New Orleans, La. –
A prayer was the appropriate finale for a ceremony welcoming Gentilly resident Janetta Mistretta back into her home. After all, for her to finally move out of a FEMA trailer and back into her own house with her children seemed nothing short of a miracle.
This ceremony came just days before the sixth anniversary of Hurricane Katrina and the levee failures that wrecked her home. Janetta's family had been displaced for very close to six years. She'd been ripped off by various contractors over that time, and even had her car stolen. As the years ticked past and troubles mounted, she was out of money and short on options.
"I was faced with living in a FEMA trailer, and the thoughts, the looks, and the reality of getting back into my house were gone," Mistretta says.
But then she found the St. Paul's Homecoming Center, a unique nonprofit formed in the wake of Katrina by St. Paul's Episcopal Church in Lakeview.
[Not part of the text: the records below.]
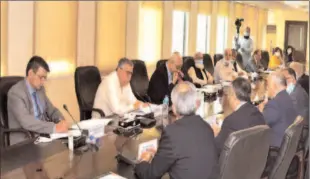  ??  ?? ISLAMABAD
Finance Minister Shaukat Tarin presides over a meeting of the Monetary and Fiscal Policies Coordinati­on Board.
-APP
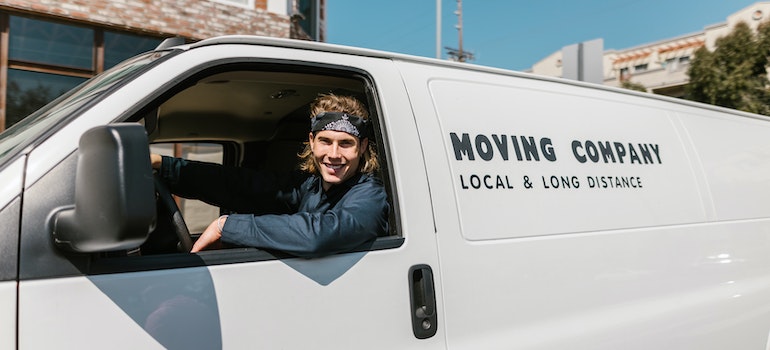 A man working for long distance moving companies Harrisonburg sitting in a van.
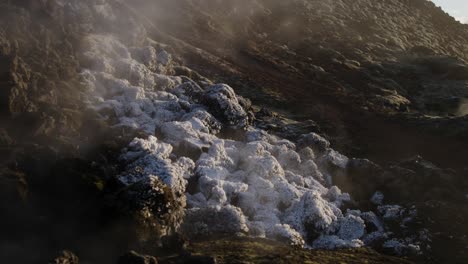 Vista-Panorámica-Lenta-A-La-Derecha-Del-Cráter-Eldvörp-Al-Atardecer-Con-Vapor-Y-Nieve-Ligera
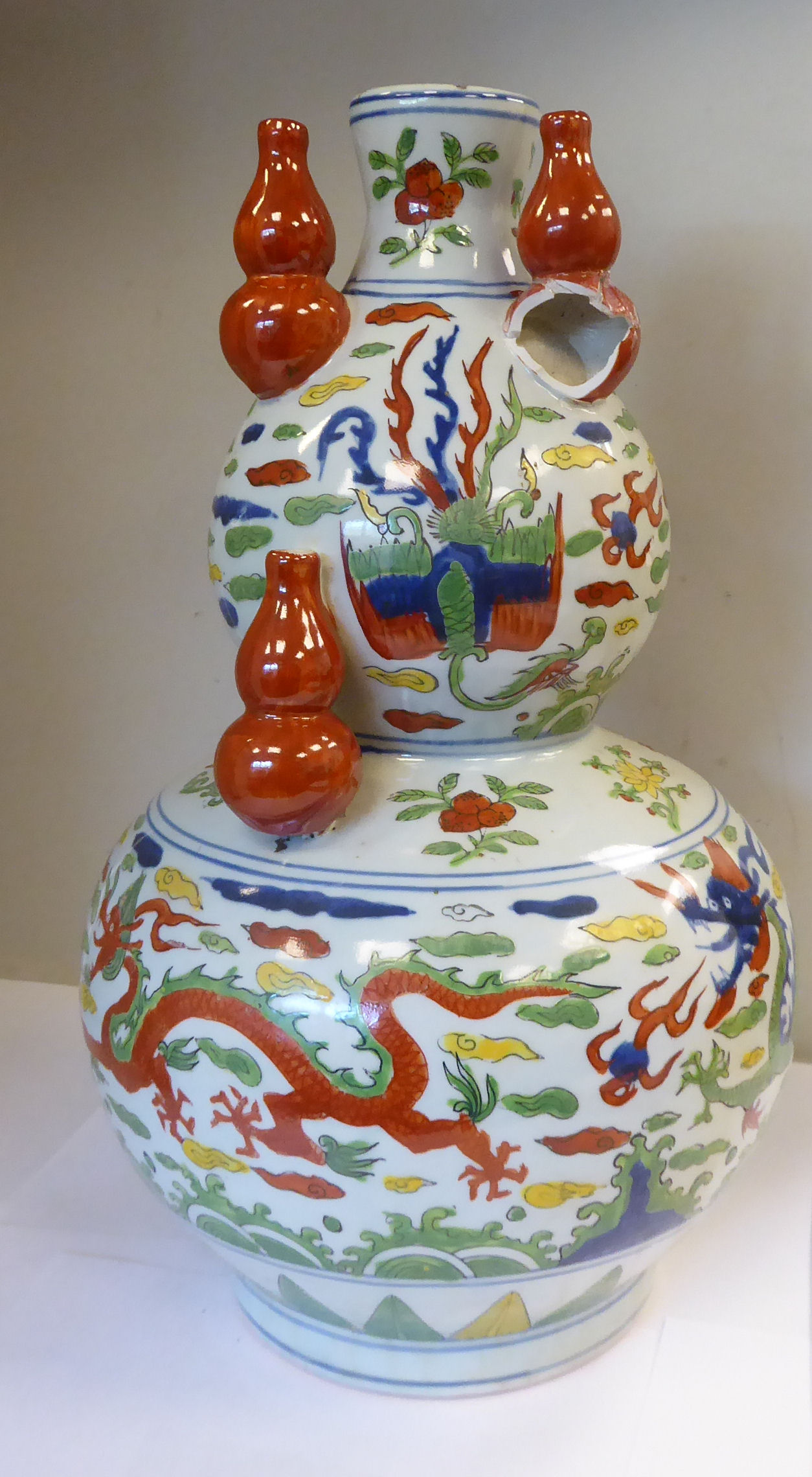 An early 20thC Japanese porcelain double gourd shaped vase, surmounted by five smaller vases, - Image 2 of 7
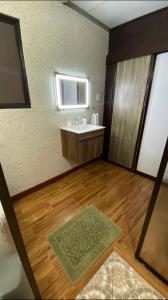 a bathroom with a sink and a wooden floor at Casita Don Eliber in Fortuna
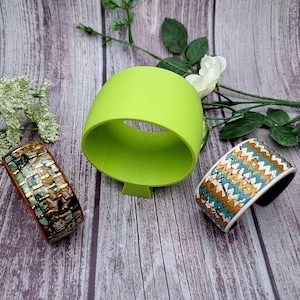 May include: Three bracelets and a lime green cylindrical object are displayed on a wooden surface. The bracelets feature intricate patterns in gold, teal, and white. The green object has a circular opening.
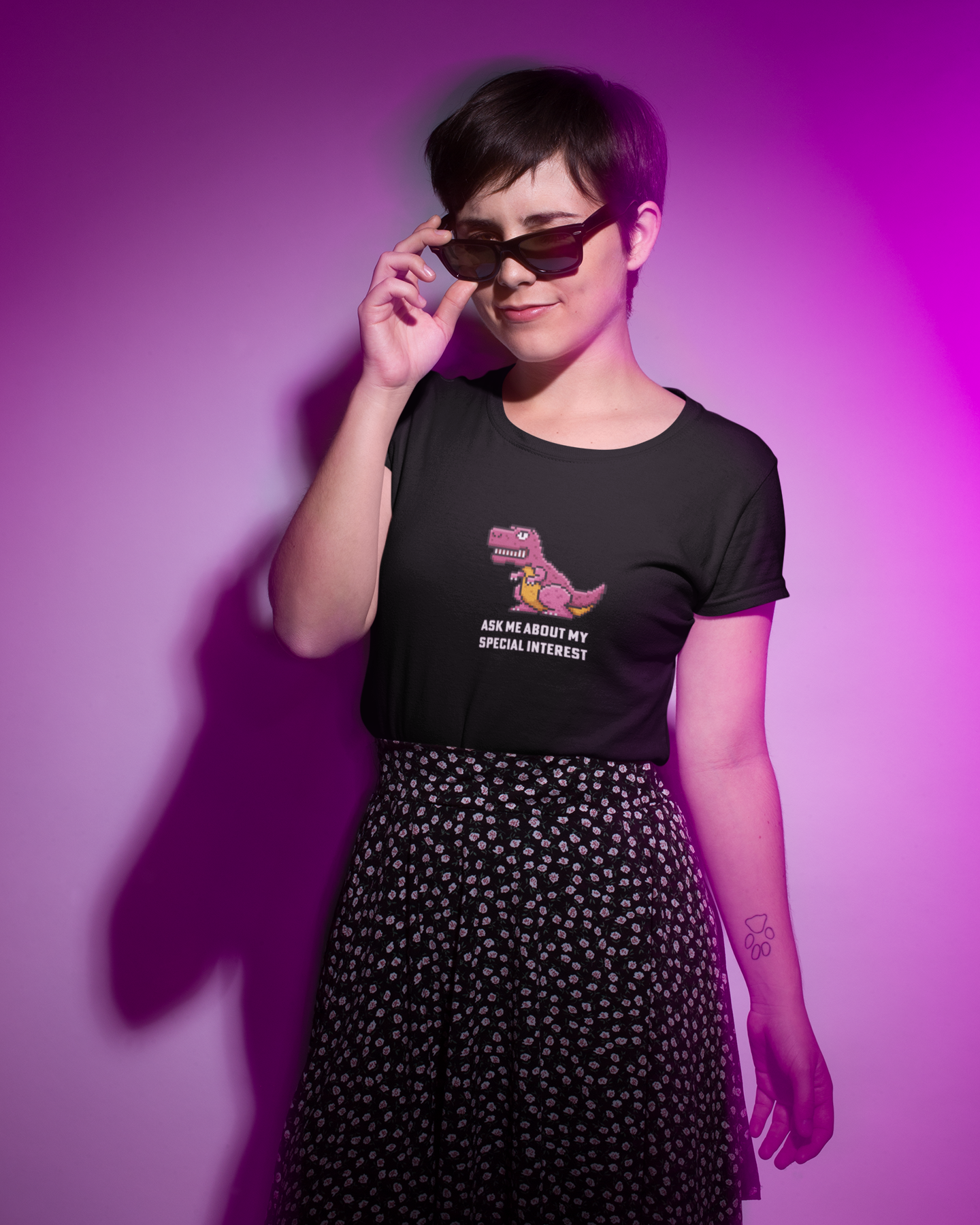 Person wearing a black t-shirt with a graphic and text, standing against a purple background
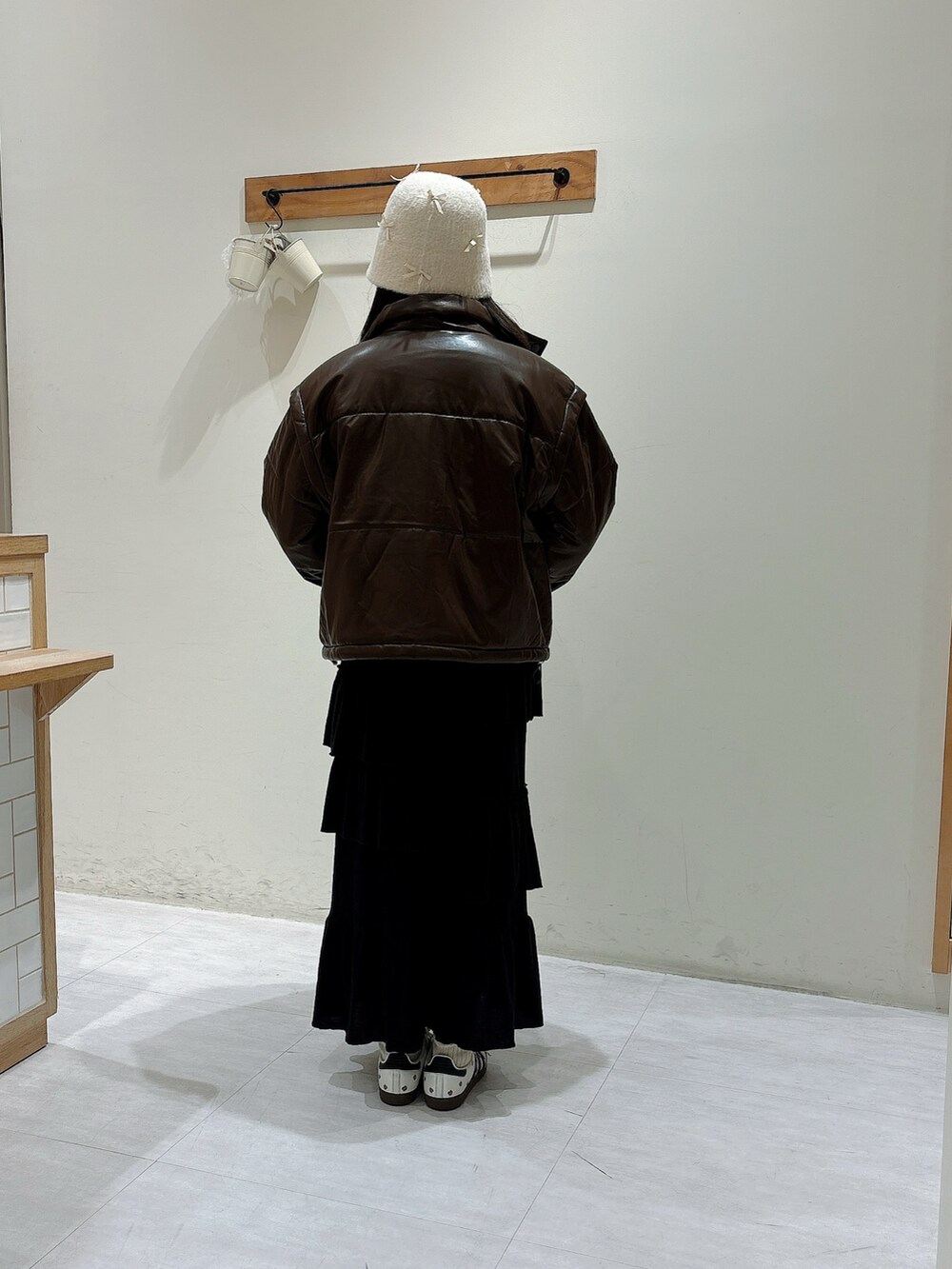 ブラウン系のノーカラージャケット、ブラック系のスカート、ホワイト系のニット/セーターを着用したレディースの秋コーディネートの3枚目の写真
It gets people back into their homes by marshalling volunteers and donations and putting case managers on the job to direct the overall effort for the long haul.
"It really is the command central hub, for the neighborhood for recovery," says executive director Connie Uddo. "As we saw Lakeview really coming along, we looked at our neighbor Gentilly, and seeing the progress and struggles Gentilly was having, we made the decision to move the center to Gentilly in January 2009."
Here they found many of the same issues Lakeview residents faced, but on a larger scale. And, as time went on and boarded-up houses lingered, the recovery cases grew more complex, as outreach manager Kathy Randoph explains.
"We still have people that's out there displaced, living with relatives, and just don't have a clue how they're going to get back in their house," she says. "Just depressed, don't know what to do, don't know which way is up. And they need someone to hold their hand while they recover."
To address complex needs, the Homecoming Center has evolved into a community center of sorts, helping fill neighborhood needs lacking since Katrina. For instance, the center runs computer classes where school kids show seniors how to connect with the online world, and the group's regular bingo nights are now a hit for residents looking for social interaction with their neighbors. Most of all though, this group works doggedly, one-on-one to remove whatever obstacles are still keeping displaced Gentilly residents from coming back.
For Janetta Mistretta, getting back under her own roof was a life-changer, and she'll never forget the relief she experienced on that first night when she was truly back home.
"And all of a sudden it was like someone had just squeezed the air of me and just let it go and it was this big big woosh and out," she says. "And the tears just started falling. And it was like this unbelievable feeling that I cannot put into words."